Willhelms Publikum verschwand nicht wie bei anderen Shows im Dunkel der Sitzreihen, es wurde Teil der überdimensionalen Installation. Wie in einer Ausstellung konnten die Besucher zwischen den Models hindurch laufen und sie aus der Nähe ansehen.

So entstand eine rege Interaktion zwischen Objekt und Betrachter. Die Leute lachten, deuteten, gestikulierten, fotografierten was das Zeug hielt; manche verfütterten sogar Pralinen an die Models: "Meet and Greet im Skigebiet" also. In dem Trubel fiel der Designer selbst gar nicht auf. Bernhard Willhelm stand mitten in seiner eigenen Installation, vor einer Wand, die er ganz versonnen bemalte. Ein Happening der ganz besonderen Art war dieser Samstagabend - und ganz bestimmt weit mehr als nur eine Modenschau.

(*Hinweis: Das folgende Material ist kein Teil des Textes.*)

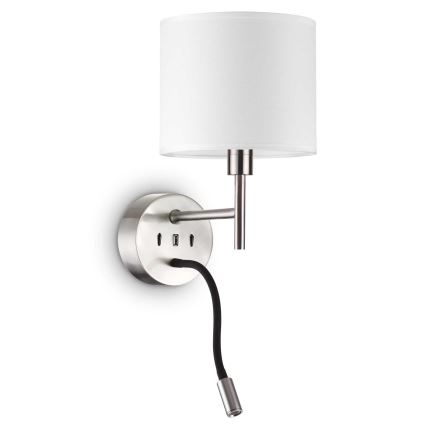 Ideal Lux - LED Flessibile lampada con un supporto SET UP 1xE27/42W + LED/3W/230V CRI 90 USB cromo lucido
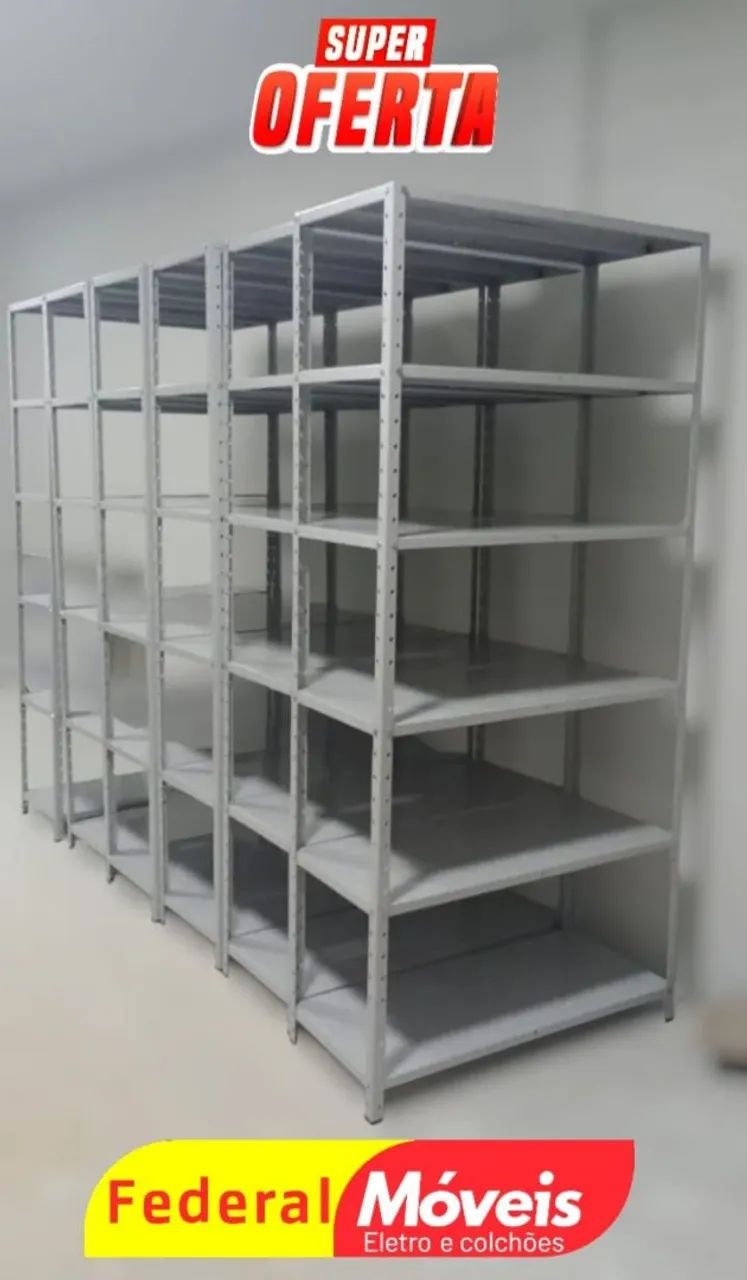 Prateleira de Ferro 6 Andares - Nova, Resistente e Compacta (40cm)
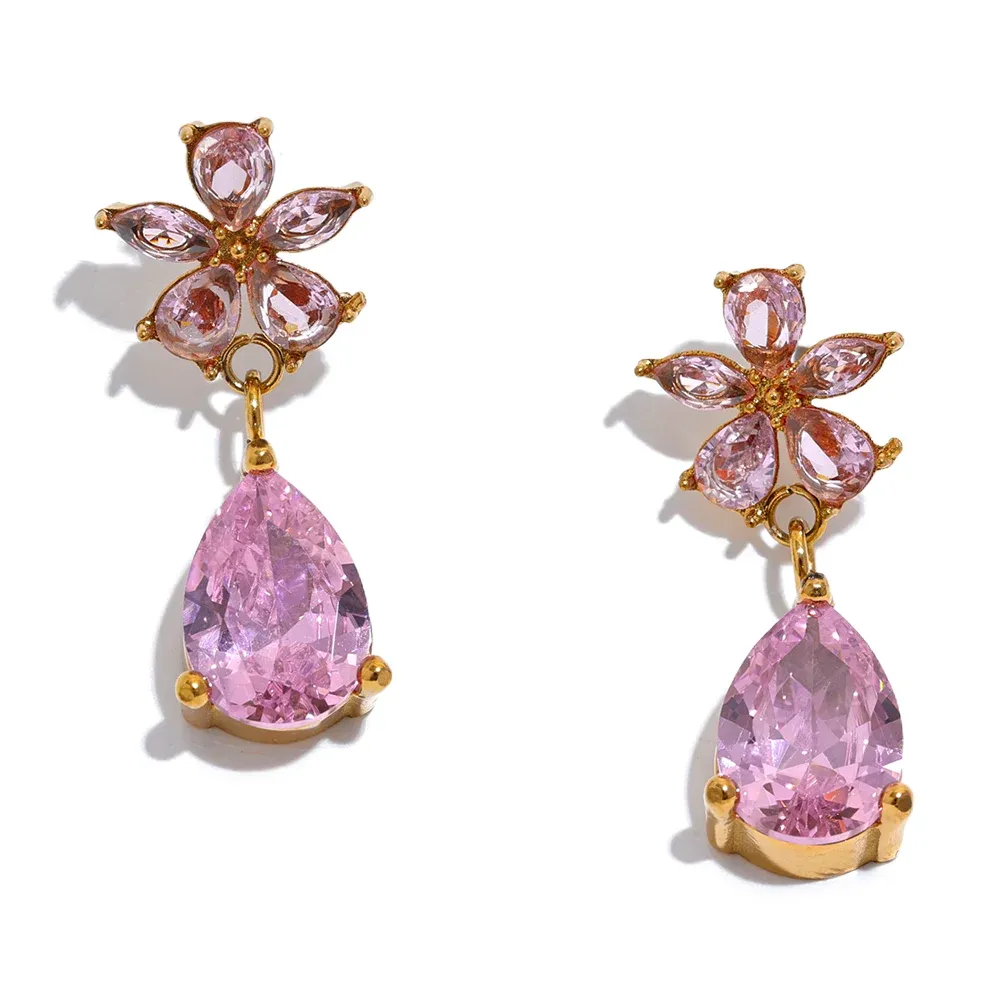 Cubic Zirconia Flower Bling Earrings.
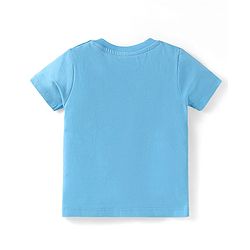 Babyhug Single Jersey Knit Dungaree & Half Sleeves T-Shirt With Tropical Theme - Navy Blue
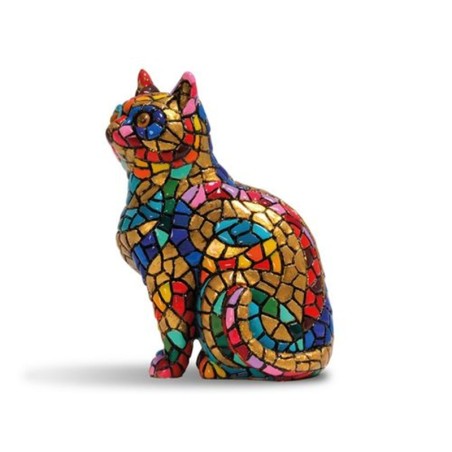 Decorative Cat in Gaudi style – Hand-painted resin figure with golden trencadis mosaic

Als Außenstehende Brancheninterne zog Melissa Drier von WWD ihre Fashion-Week-Bilanz: "Deutschland ist kein Land, in dem Mode ein Kulturgut ist. Die Menschen hier sind entweder normal und bieder angezogen, oder ihre Klamotten sind so "into your face", dass jeder denkt: Okay, das ist Entertainment. Niemand hier sieht schöne Kleidung als privates Vergnügen."

Dass sie Recht hat, wenn sie sagt: "Mode muss Spass machen" bewies Bernhard Willhelm in seiner Darbietung sehr anschaulich. Ausnahmslos alle Besucher haben sich amüsiert, haben mit seiner Mode gespielt und sich ganz naiv auf die Fantasie des Designers eingelassen. Man kann die Deutschen also erziehen. Also: Bitte in Zukunft nicht mehr so bemüht und verkrampft. Die Berliner Modewoche muss Spaß machen.